On a crisp, clear day, a cornfield is a magical place of rustling leaves, promise and mystery.

As the kids twisted the ripe, dry ears of corn off the stalks and tossed them into bushel baskets, I became fascinated by the flying buttresses of roots that help hold the 12 foot stalks upright.

Some of the ears were a radiant shade of red. We were told this is dent corn, because of the dents in the kernels.

As we waited for the bus, having experienced corn harvest from field to kitchen, the kids discovered how fun it could be to drink water from a do-it-yourself drinking fountain. On a 1900 farm, the connections and feedback loops are simple and direct. Start pumping and water will start to flow. In town, water emerges from the faucet after a long and complicated journey from a place none of us have ever seen. On the farm, the water rises up from the ground beneath our feet.

Another opportunity a farm provides is the chance to focus our eyes on distant hills. Trees are lovely things, but I'd gladly trade some of the shade for a vista or two.

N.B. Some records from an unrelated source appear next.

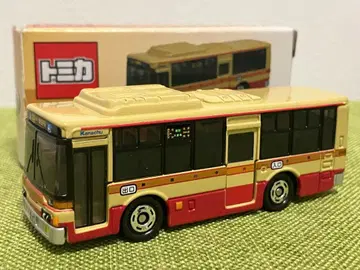 토미카 버스 미니카 칸나카 디자인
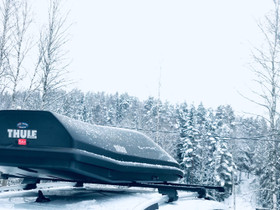 Thule suksiboksi ja kattotelineet, Kattotelineet ja boksit, Auton varaosat ja tarvikkeet, Riihimäki, Tori.fi Thule suksiboksi ja kattotelineet, Kattotelineet ja boksit, Auton varaosat ja tarvikkeet, Riihimäki, Tori.fi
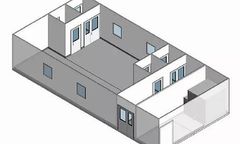 G-CON - Model standardPOD - Cleanrooms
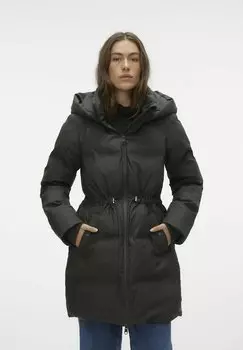 Зимнее пальто Noe Vero Moda, цвет peat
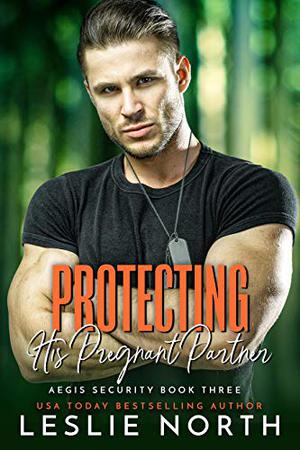 Protecting His Pregnant Partner (Aegis Security #3)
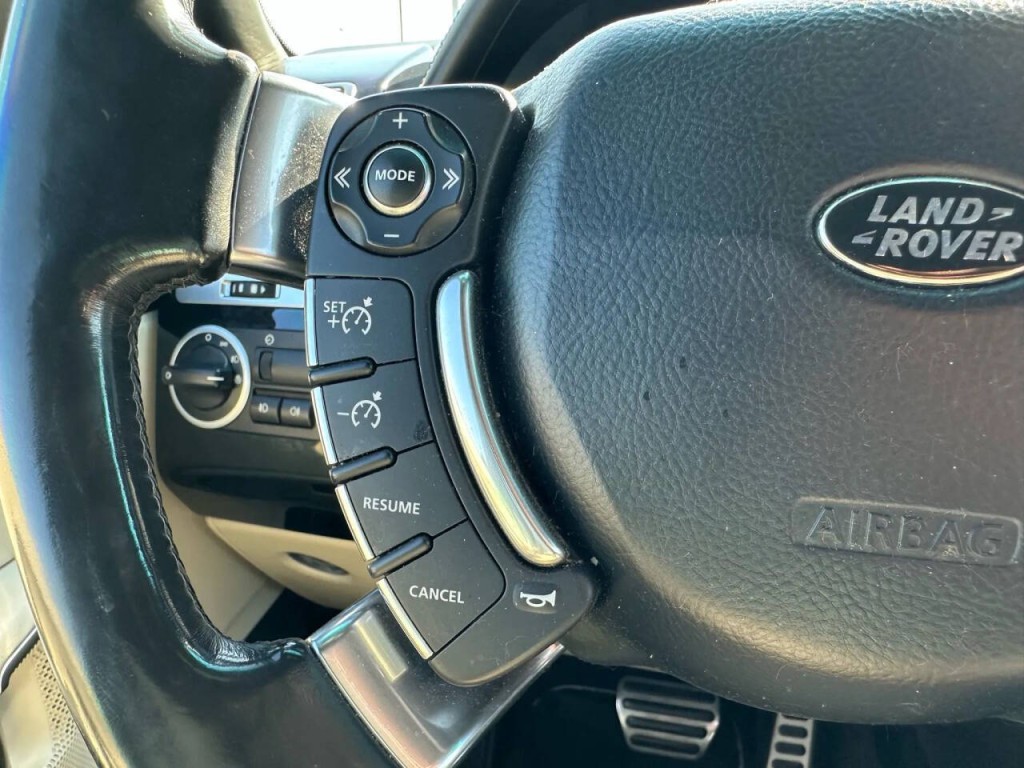 2012 Land Rover Range Rover Image 43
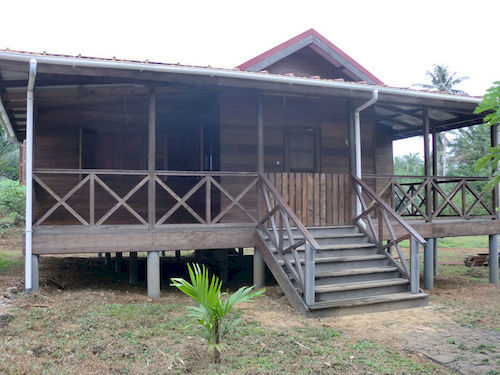 Praia Inhame Eco-Lodge 포르투알레그레 외부 사진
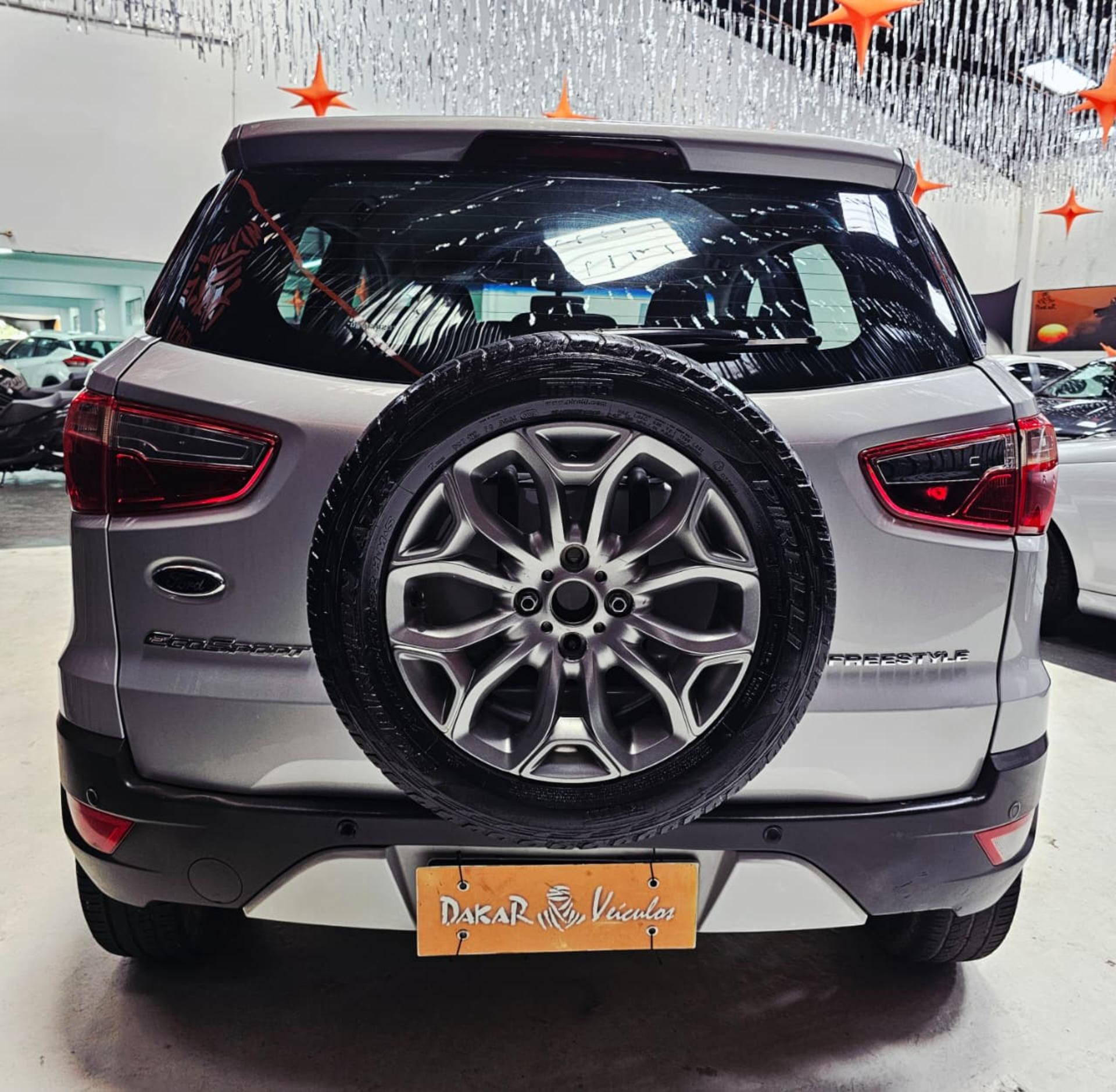 FORD Ecosport - Foto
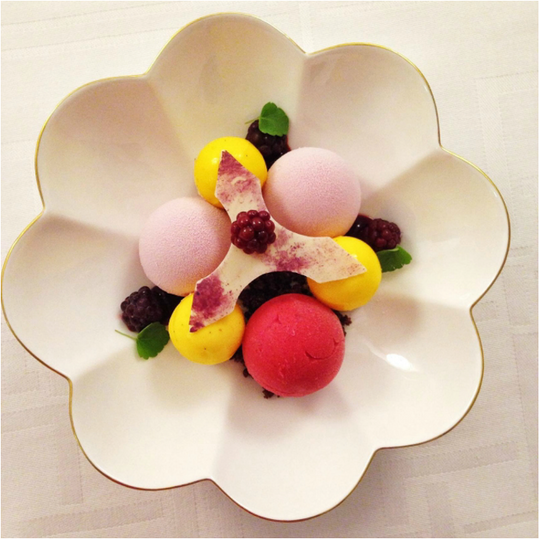 Silikoneform Kugle 60mm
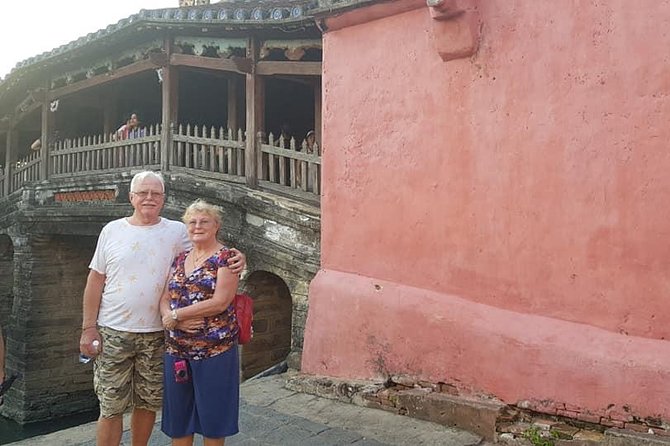 Hoi An City -Morning Walking or Afternoon Tour with Boat Ride - River boat ride on the Thu Bon: day or night views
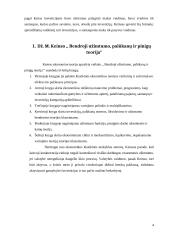 Džono Meinardo Keinso ekonomikos teorijos 4 puslapis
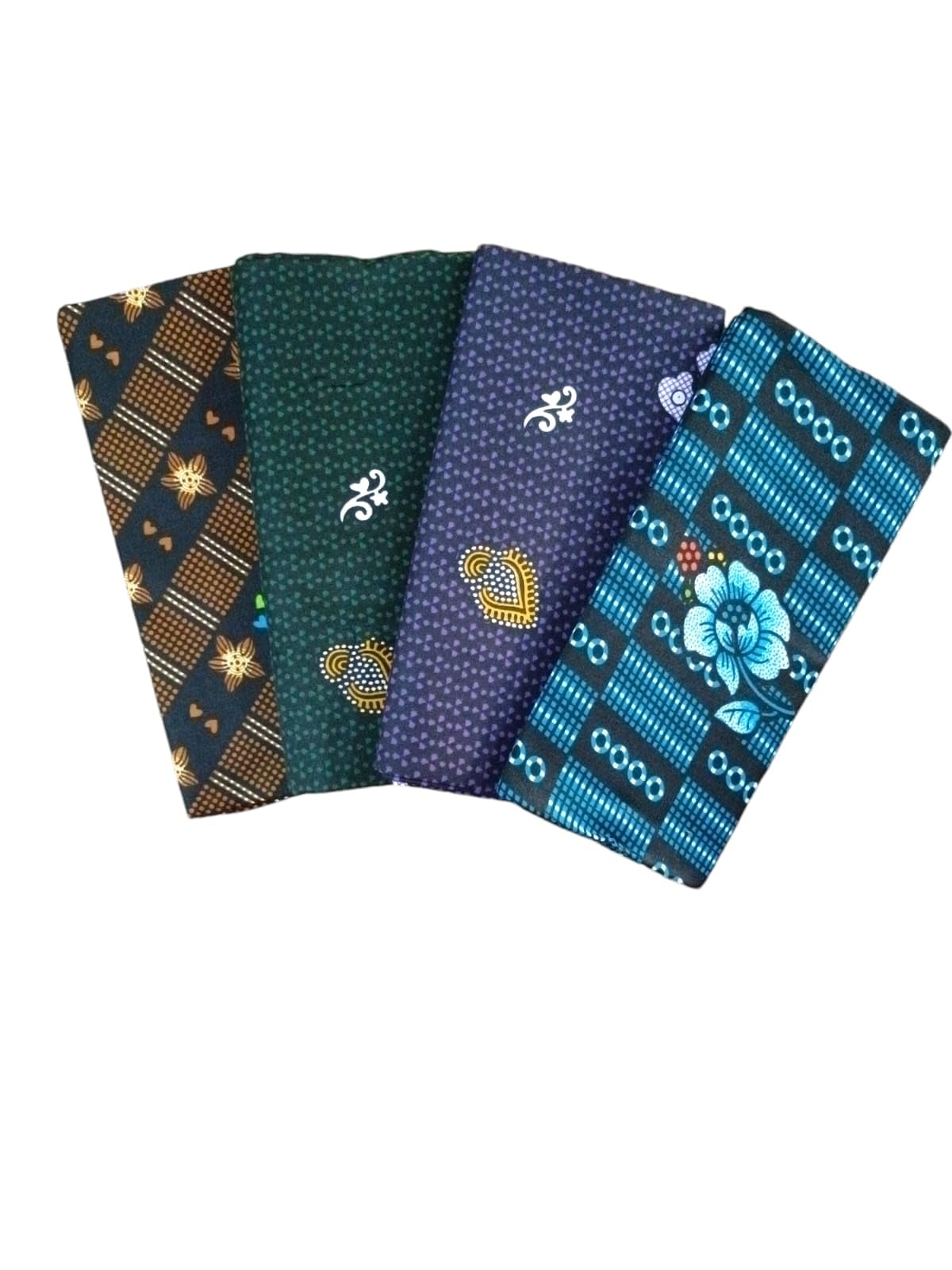 Best Buy Pure Cotton Printed Lungies for Men, 2.25 Meter Multi Color Lungies for Men's (Pack of 2 Pcs)...-picture-12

Most every goal of sustainability, every change of behavior being encouraged in town--in order to prevent our life on earth from being a flash in the pan--was a normal part of life on a 1900 farm. Living in town all this time, I had forgotten how much the country has to teach, and how much of a more satisfying future can be found in the past.




Sunday, October 18, 2009

A Small Victory for Walking

It was a typical situation on a Sunday evening. My 14 year old daughter, having spent the day with her friends, called and asked for a ride home. Something in me resisted driving the car seven blocks to pick her up, but I didn't want her to walk home alone in the dark. Last time we were in this situation, I rode her bike over and jogged home with her. She rejected my offer to do that again, with that classic teenage tone of disbelief that a parent could be so unreasonable. Clearly, the easiest thing would have been to jump in the car and give her that sacred ride home.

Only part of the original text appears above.